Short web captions

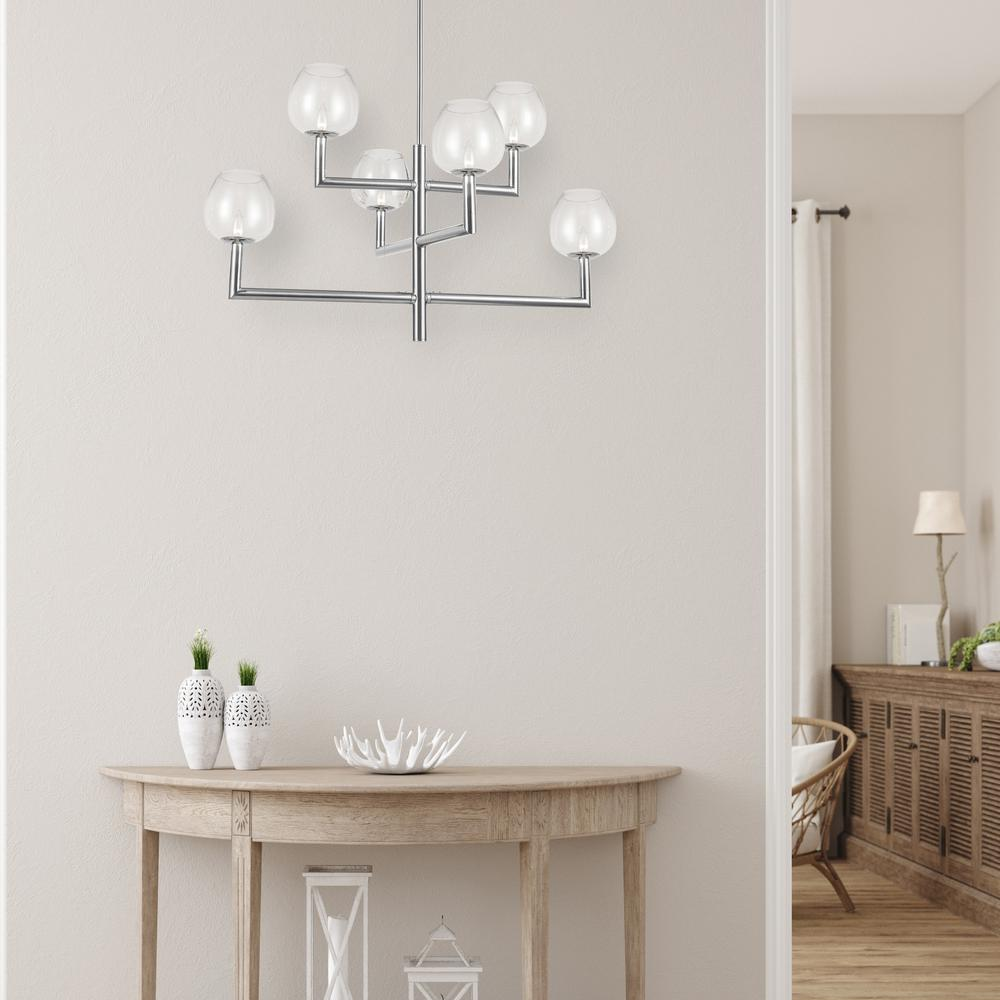 Contemporary Nora Chandelier | 6LT Chandelier, PC, CLR Glass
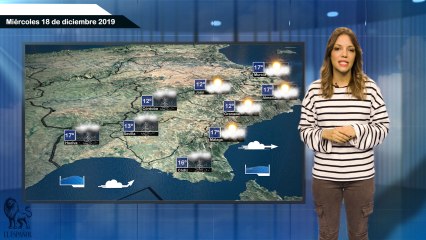 El pronóstico del tiempo para el miércoles 18 de diciembre.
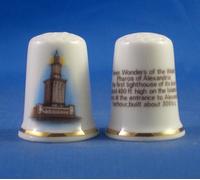 Birchcroft China PORCELAINE FINE à collectionner Dé à Coudre Sept Merveilles du monde --Pharos d'Alexandrie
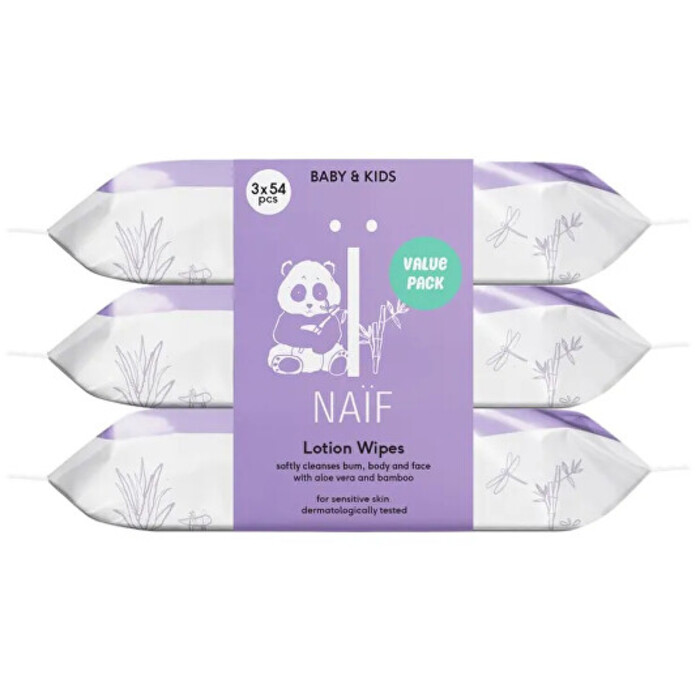 Baby & Kids Aloe Vera Lotion Wipes) 3 x - Ošetrujúce vlhčené obrúsky s 54 ks
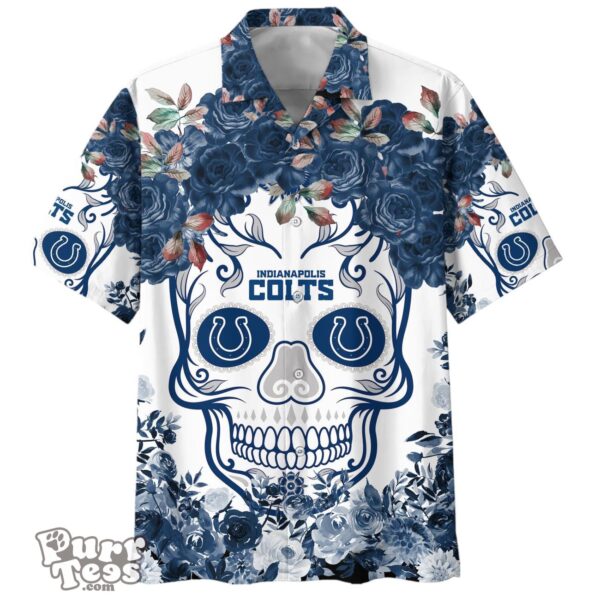 Indianapolis Colts NFL Flower Skull Hawaiian Shirt Limited Edition Product Photo 1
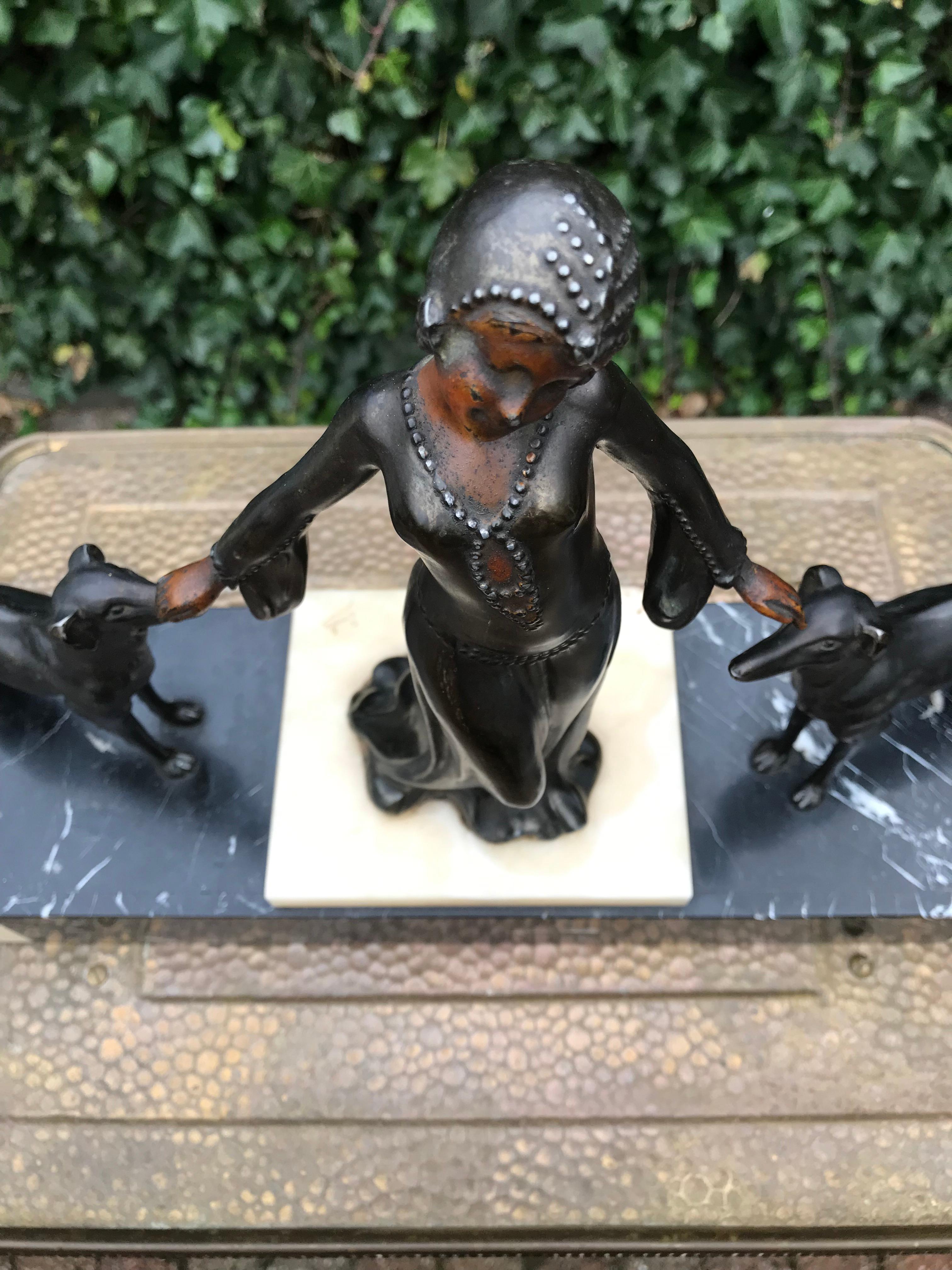 Stylish Art Deco Lady in Dress with Her Greyhounds Sculpture on a Marble Base For Sale 7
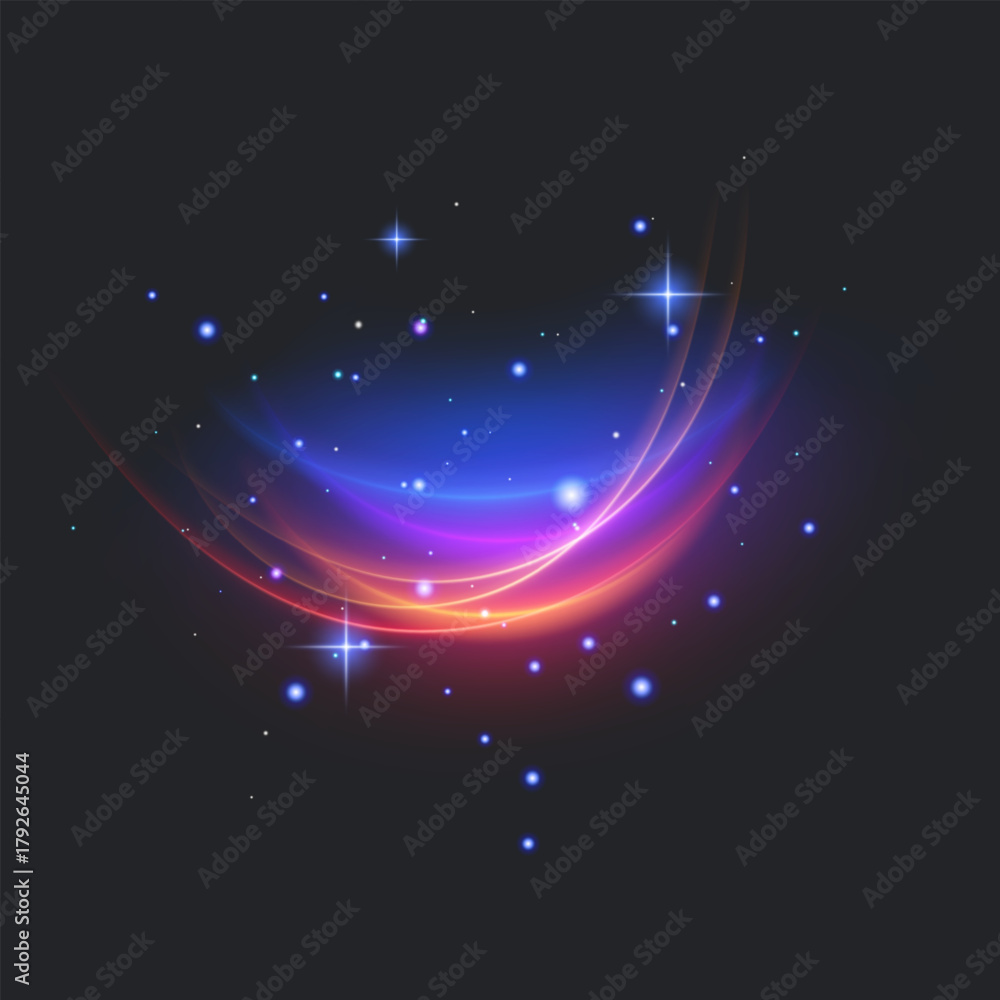 Fototapeta premium Neon Bright Light Luminous Energy Wave. Glowing lines on dark background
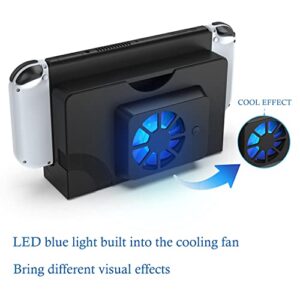 ZNKG Cooling Fan for Nintendo Switch OLED, Dock Fan with Blue Light for Switch OLED USB Powered Dobe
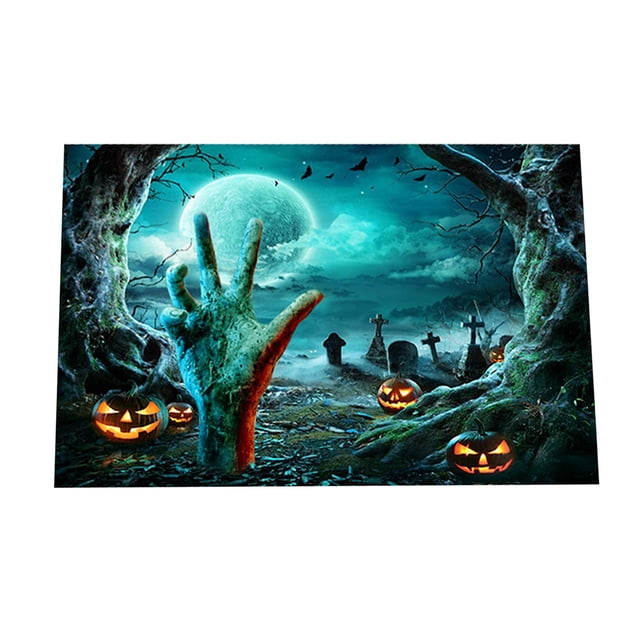 Yhmxh Bathroom Rugs,Rugs for Living Room,Area Rug Halloween Floor Mat with Terrifying Theme,Skull and Print Decoration,Entrance Door Floor Mat,Entrance Door Carpet Entrance Door Dust Carpet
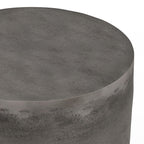 Simplihome Morris Metal Accent Table, 16.5-Inch, Antique Silver, Cast Aluminum, Round Drum Shape, Handcrafted, No Assembly Required, For Living Room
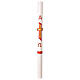 Cero pasquale bianco alpha ed omega, croce rosso 8x120 cm s3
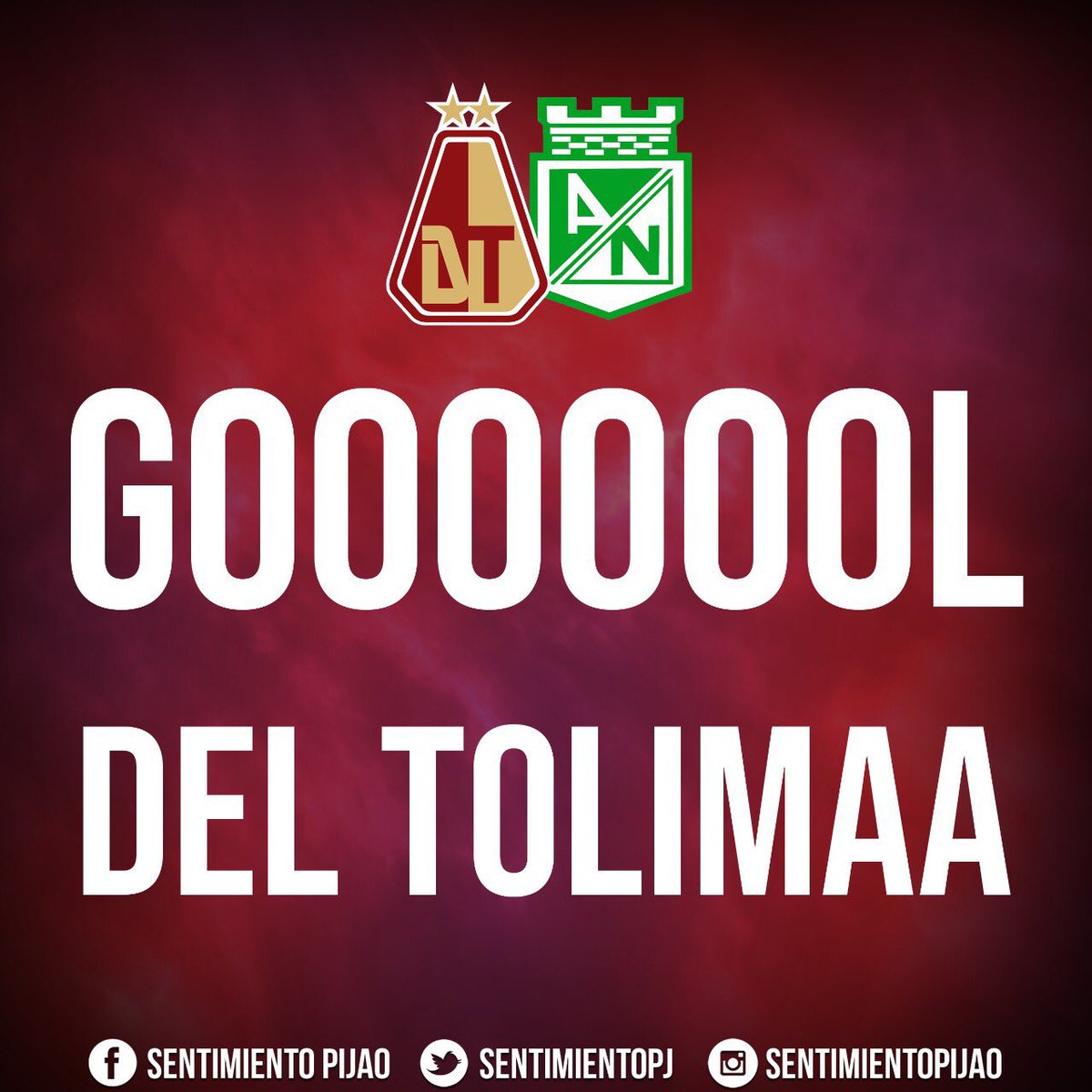 SentimientPijao's tweet photo. #TOLvsNAL | Minuto 36: GOOOOOOOL DEL TOLIMAAAA. Sergio Mosquera (como es costumbre ante este rival) anota el primero. | 🟤🟡 1-0 🟢⚪️ https://t.co/wt16F338Bz
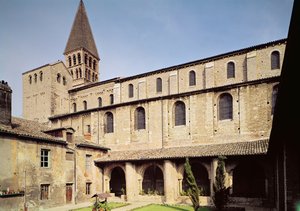 Veduta del chiostro di San Ardain, 10°-11° secolo da French School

# What you should do:
Only the lines from the one holding "SentimientPijao's tweet photo." through the last line of the records should be output, please, exactly and without any pictures.

# Response to the exercise:
 SentimientPijao's tweet photo. #TOLvsNAL | Minuto 36: GOOOOOOOL DEL TOLIMAAAA. Sergio Mosquera (como es costumbre ante este rival) anota el primero. | 🟤🟡 1-0 🟢⚪️ https://t.co/wt16F338Bz
 Veduta del chiostro di San Ardain, 10°-11° secolo da French School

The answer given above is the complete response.